GH-116017: Put JIT code and data on the same page

[brandtbucher]

Instead of marking code as read-exec and data as read-only, put both on the same read-exec pages. This halves the amount of memory used for short traces, and also results in half as many expensive mprotect calls per trace.

3% faster (10% faster startup), 9% less memory (12% less at startup).

The next step after this will be sharing pages between traces, to further reduce the amount of wasted memory. At the same time, we can expose a way to compile multiple traces at once with a single mprotect call (useful for the cold exit array).

• Issue: Compiling tiny traces wastes lots of memory #116017

[brandtbucher]

This also fixes an issue where we weren't using the correct alignment during parts of the build process and things just accidentally worked (due to the data starting on a page boundary).

[mdboom]

I realise it probably makes sense to benchmark this one on macOS (since that's where we saw the greatest memory increase in #116017). I'll fire off a run right now.

[brandtbucher]

Oh, I already did. :) Results were less good: 1% faster, no memory impact (which is a bit odd, but I haven't really dug into it yet).

[hartwork]

Instead of marking code as read-exec and data as read-only, put both on the same read-exec pages.

@brandtbucher I may be missing something here: is this a reduction in security? Has this been discussed with the security team?

[brandtbucher]

Instead of marking code as read-exec and data as read-only, put both on the same read-exec pages.

@brandtbucher I may be missing something here: is this a reduction in security? Has this been discussed with the security team?

I should clarify: this change doesn't mean that we're now executing arbitrary user data. In this case, "data" is stuff like C string literals for error messages, pointers to cached objects, static C function addresses, version numbers, opargs, etc.

Since this data is now executable (as it lives on the same pages as the machine code), in theory an attacker capable of forcing the compilation of an instruction operand that happens to have the same encoding as a machine instruction could take control of the program. However, that would require that we jump into the data at some point, something which never happens during normal operation. As such, this would require a separate, highly specific bug in machine code generation in order to actually exploit.

The most likely way this would happen is not by jumping from the machine code into the data, but rather accidentally running off the end of the machine code into the data portion of the buffer (again, not something that happens with the sort of well-formed traces that tier two creates). This situation currently crashes on main, but would indeed begin executing the "read-only" data with the proposed change. However, this patch mitigates this risk by always adding a _FATAL_ERROR block to the end of the code portion of the trace, assuring that even if we did have a malformed trace, the program would abort before it actually overran the buffer.
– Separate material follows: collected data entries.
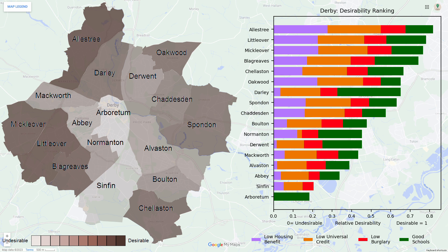The general trend for location desirability within Derby is that the centre of the city is the least desirable and the outskirts of the city are the most desirable. The southern ward of Sinfin is an outlier to this as it is on the outskirts but also undesirable.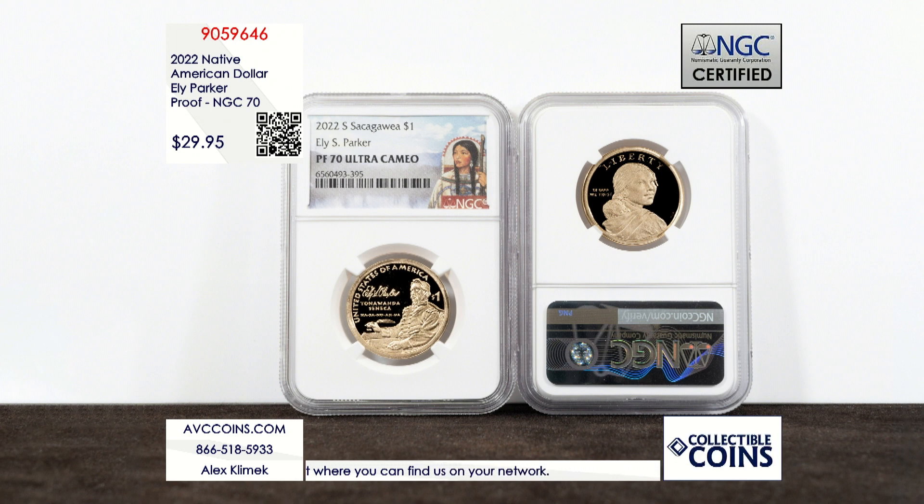These coins are in perfect Proof 70 condition, and there's currently a mintage of 647,839 total coins in existence. That means just a fraction of these coins exist in perfect 70, with a population of just 3,178 total coins.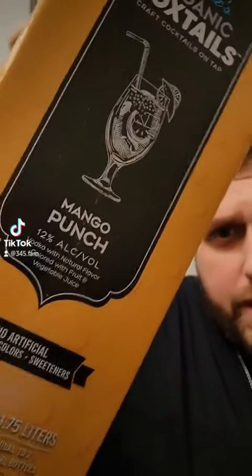We have Drake's Organic Boxtails Cocktails Ready to Go Mango Punch. It is 12% alcohol. It is a vodka with natural fruit juice, blah blah blah — it's fruity vodka. Let's find out.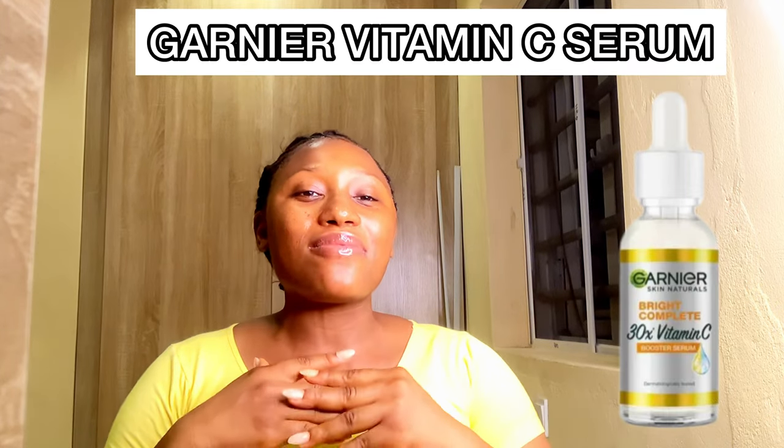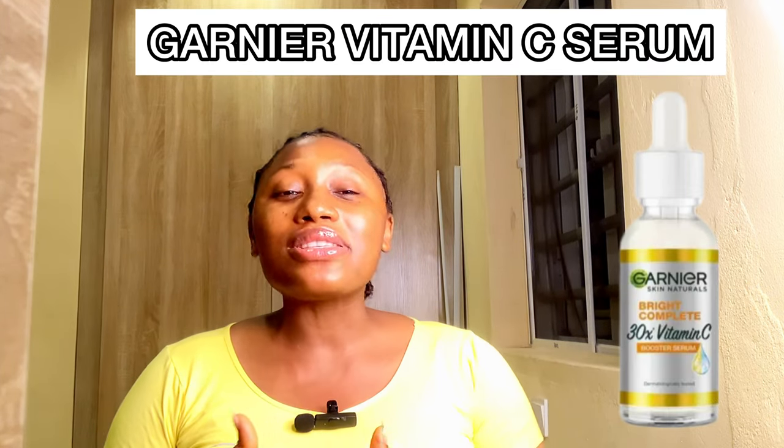The first vitamin C I'll be sharing in today's video is the Gunner Vitamin C Serum. This serum is clinically tested to help diminish the appearance of dark spots within three days. It effectively helps to fight pigmentation on the skin, clarify the skin, add glow, and also help to fight signs of aging and dull skin, giving you a radiant glowing skin. It has antioxidant properties and is formulated with ascorbic acid, which is a form of vitamin C.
I appreciate your comment, though. Please let me know if I've missed anything, or if you still have any concerns.

[mdboom]

@brandtbucher: Just FYI: a 20% reduction in memory usage on macOS on the benchmarking suite: https://github.com/faster-cpython/benchmarking-public/blob/main/results/bm-20240315-3.13.0a5%2B-e6d8e6d-JIT/bm-20240315-darwin-arm64-brandtbucher-justin_mprotect-3.13.0a5%2B-e6d8e6d-vs-base-mem.png

[brandtbucher]

Awesome! Wonder why it didn't come through in my first run...

[mdboom]

The compiler on that machine was still broken when you kicked it off yesterday -- I didn't truly fix it until this morning.

[mdboom]

It's also a solid 1-3% faster on macOS.

[mdboom]

The compiler on that machine was still broken when you kicked it off yesterday -- I didn't truly fix it until this morning.

Oh, I see you mean the run from 5 days ago. Yeah, it's not clear why it shows "no change". Something to keep an eye on for the future in case there is a bug somewhere in the benchmarking infra (but not clear what it would be).